§ INFORMATION SHOWN:
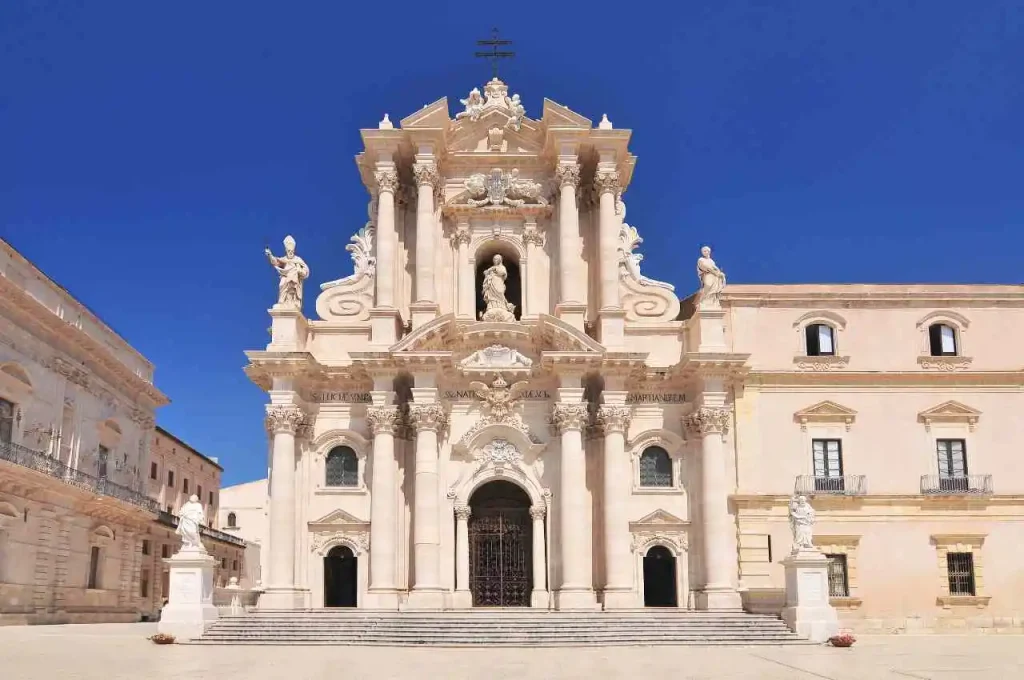 Tra i luoghi de Il Gattopardo, la bellissima Piazza Duomo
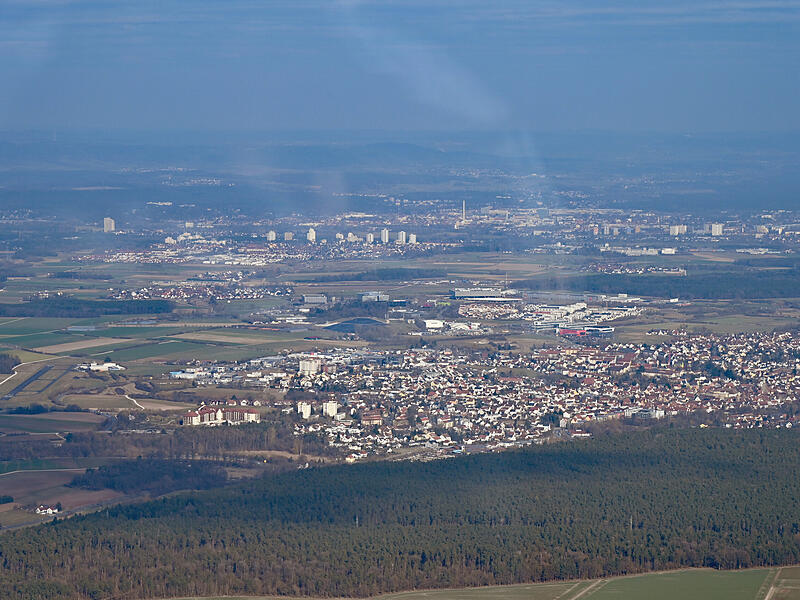 Herzogenaurach aus der Luft. Rechts von der Mitte ist das rote Puma-Outlet erkennbar. Die Form ist einem Schuhkarton nachempfunden.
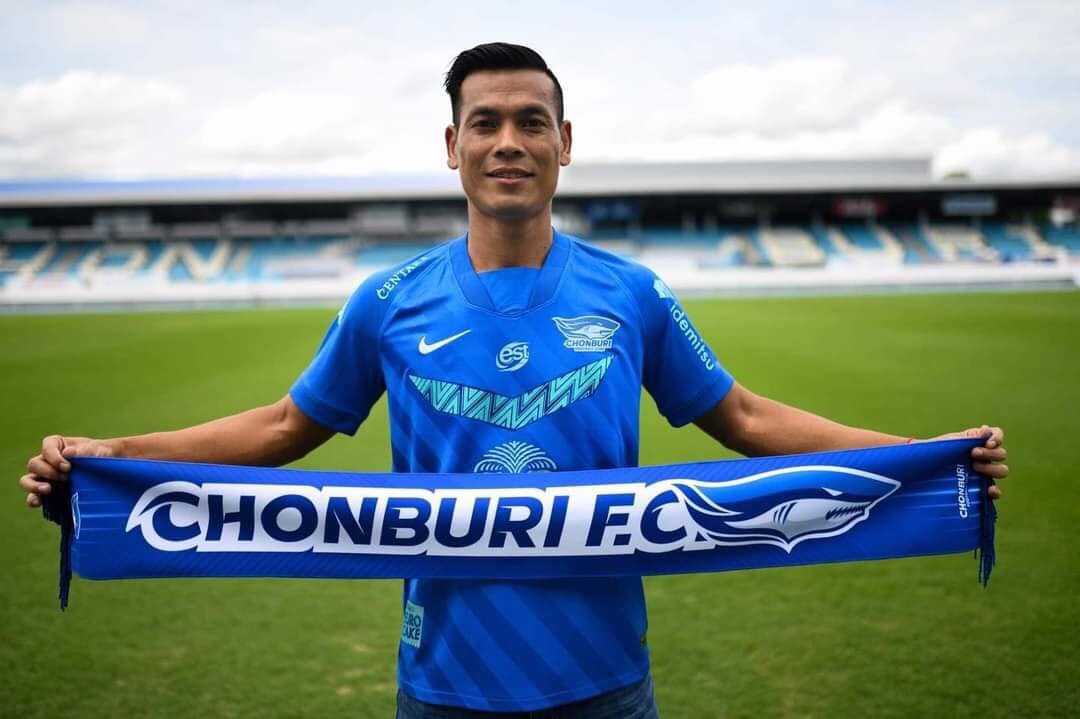 Zaw Min Tun đang khoác áo CLB Chonburi FC (Thái Lan). Ảnh: FBNV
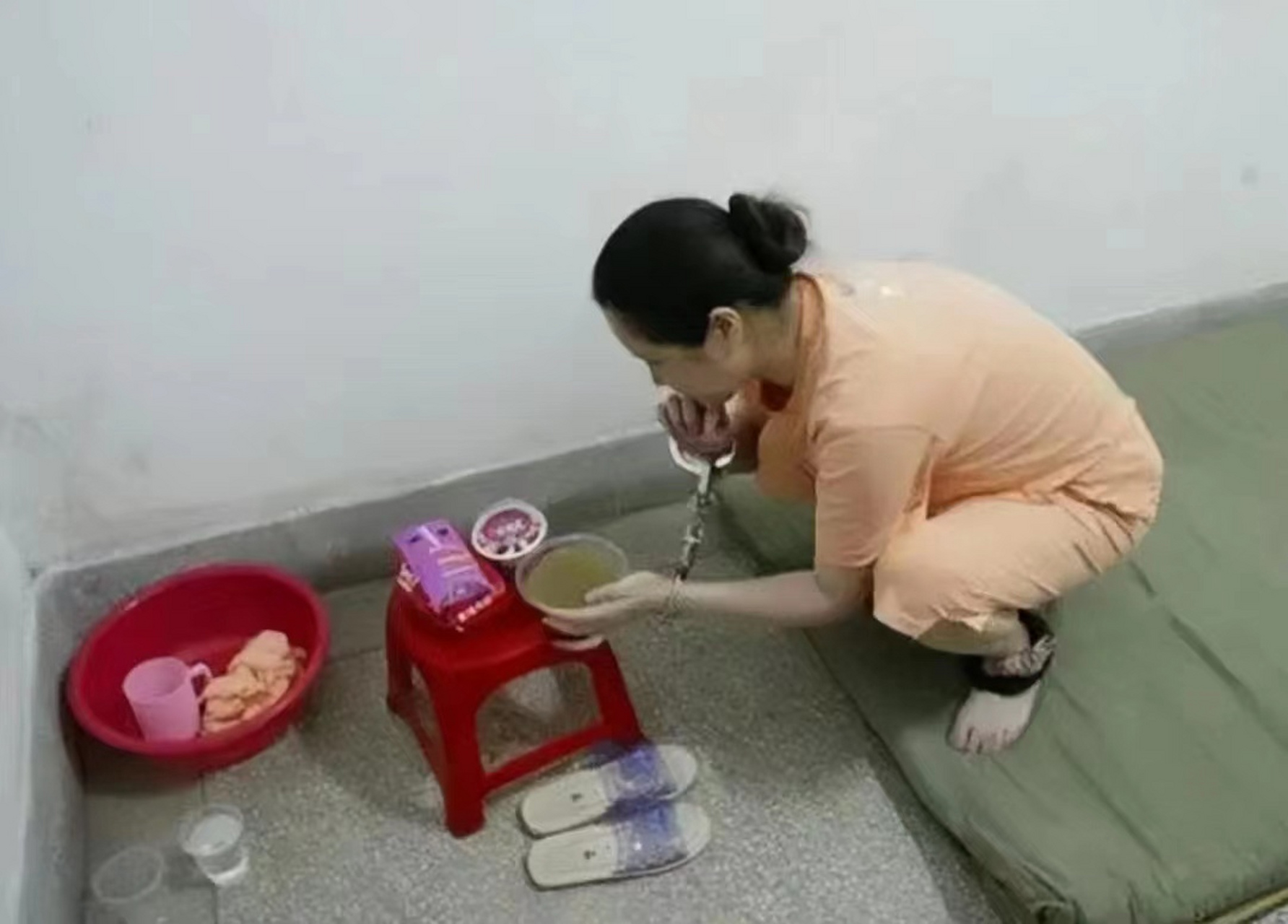 看守所的生活 犯人图片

§ WORK INSTRUCTIONS: Set down the entire material verbatim, with each picture left out.

§ EXERCISE OUTPUT:
 Tra i luoghi de Il Gattopardo, la bellissima Piazza Duomo
 Herzogenaurach aus der Luft. Rechts von der Mitte ist das rote Puma-Outlet erkennbar. Die Form ist einem Schuhkarton nachempfunden.
 Zaw Min Tun đang khoác áo CLB Chonburi FC (Thái Lan). Ảnh: FBNV
 看守所的生活 犯人图片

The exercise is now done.